AutoRedTeam-Orchestrator
AI-Driven Automated Red Team Orchestration Framework | AI驱动的自动化红队编排框架 | 101 MCP Tools | 2000+ Payloads | Full ATT&CK Coverage | MCTS Attack Planner | Knowledge Graph | Cross-platform
claude mcp add --transport stdio coff0xc-autoredteam-orchestrator python -m autoredteam_orchestrator \ --env ARTE_API_KEY="your_api_key_here (optional)" \ --env ARTE_LOG_LEVEL="INFO (default) or DEBUG" \ --env ARTE_CONFIG_PATH="path/to/config.yaml (optional)"
How to use
AutoRedTeam-Orchestrator is an AI-driven automation framework that exposes 101 MCP tools within a single orchestrated workflow. It integrates with MCP-capable editors and assistants, enabling natural language prompts to select, configure, and execute security tooling in a coordinated attack simulation or red-team exercise. Use it to plan reconnaissance, vulnerability discovery, exploitation, post-exploitation, and reporting steps, all while leveraging a knowledge graph and Monte Carlo Tree Search guided attack planning. The server aggregates tool results, performs multi-method validation to reduce false positives, and can generate JSON/HTML/Markdown professional reports automatically.
How to install
Prerequisites:
- Python 3.10+ and pip
- Git
- Optional: Python virtual environment tools (venv)
Installation steps:
-
Clone the repository git clone https://github.com/Coff0xc/AutoRedTeam-Orchestrator.git cd AutoRedTeam-Orchestrator
-
Create and activate a virtual environment python -m venv venv
On Windows
venv\Scripts\activate.bat
On macOS/Linux
source venv/bin/activate
-
Install dependencies pip install -r requirements.txt
-
Prepare configuration (optional)
- Copy and modify config.yaml if provided, or rely on defaults.
-
Run the MCP server python -m autoredteam_orchestrator
Note: If the package is installed via pip in editable mode, you can run the module equivalent as configured by your environment. Ensure any required external services (e.g., databases, caches) are accessible as configured in your environment.
Additional notes
Tips and common issues:
- Ensure Python 3.10+ is used to match the project’s dependencies.

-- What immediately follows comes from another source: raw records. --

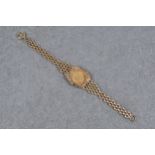 A 1918 gold sovereign in a 9ct gold bracelet mount,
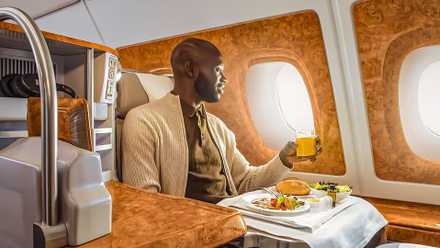 Male passenger having lunch service in Emirates Airbus A380 business class seat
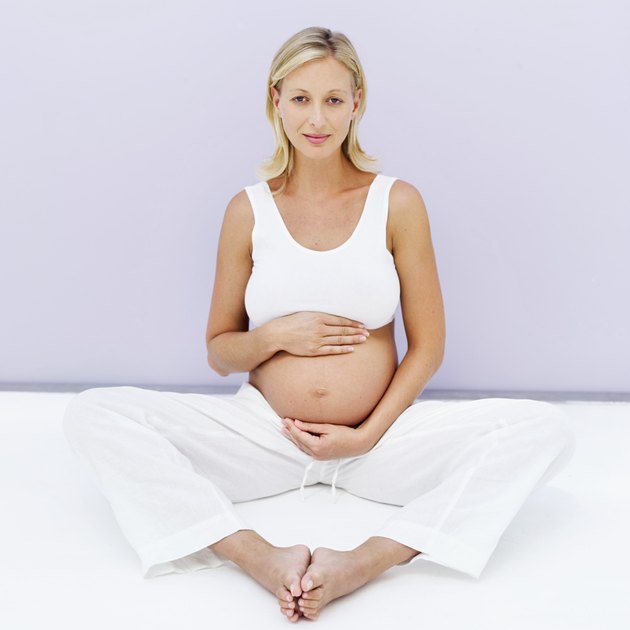 pregnant woman sitting on floor with her hands on stomach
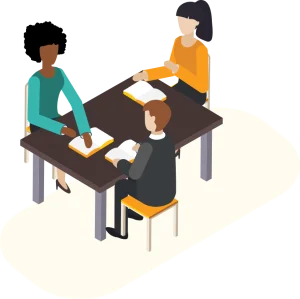 Students collaborating in small groups while a teacher circulates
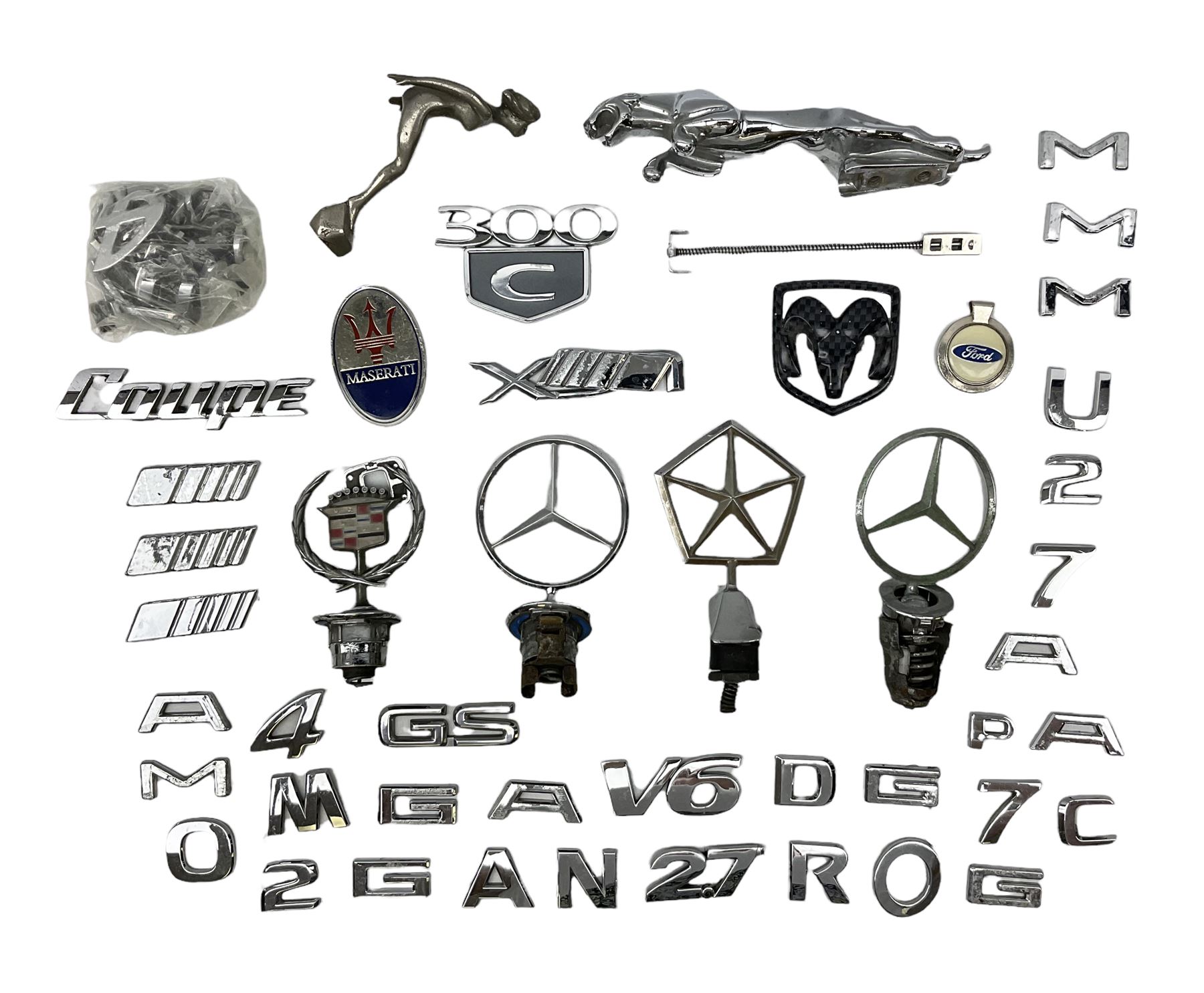 Nickel plated car mascot as a nude lady in a diving pose, similar to an A.E. Lejeune 'Speed Nymph', but marked 'N.L.C. Co. RegEd Des.'; chrome leaping Jaguar car mascot; and quantity of car model name letters, numbers and logos including Mercedes-Benz etc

- If you encounter missing native extensions, install system dependencies (e.g., build tools for cryptography or zstandard).
- Set ARTE_API_KEY if you are using cloud-backed MCP integrations; otherwise, you can run in a local, offline mode.
- Use ARTE_LOG_LEVEL=DEBUG during troubleshooting to get verbose logs.
- If using a YAML/JSON config, validate syntax before starting the server to avoid startup failures.
- For MCP editors to interact correctly, ensure the MCP endpoints are reachable (network/firewall adjustments may be required).
- Review the knowledge graph and MCTS configuration to tailor attack planning to your environment.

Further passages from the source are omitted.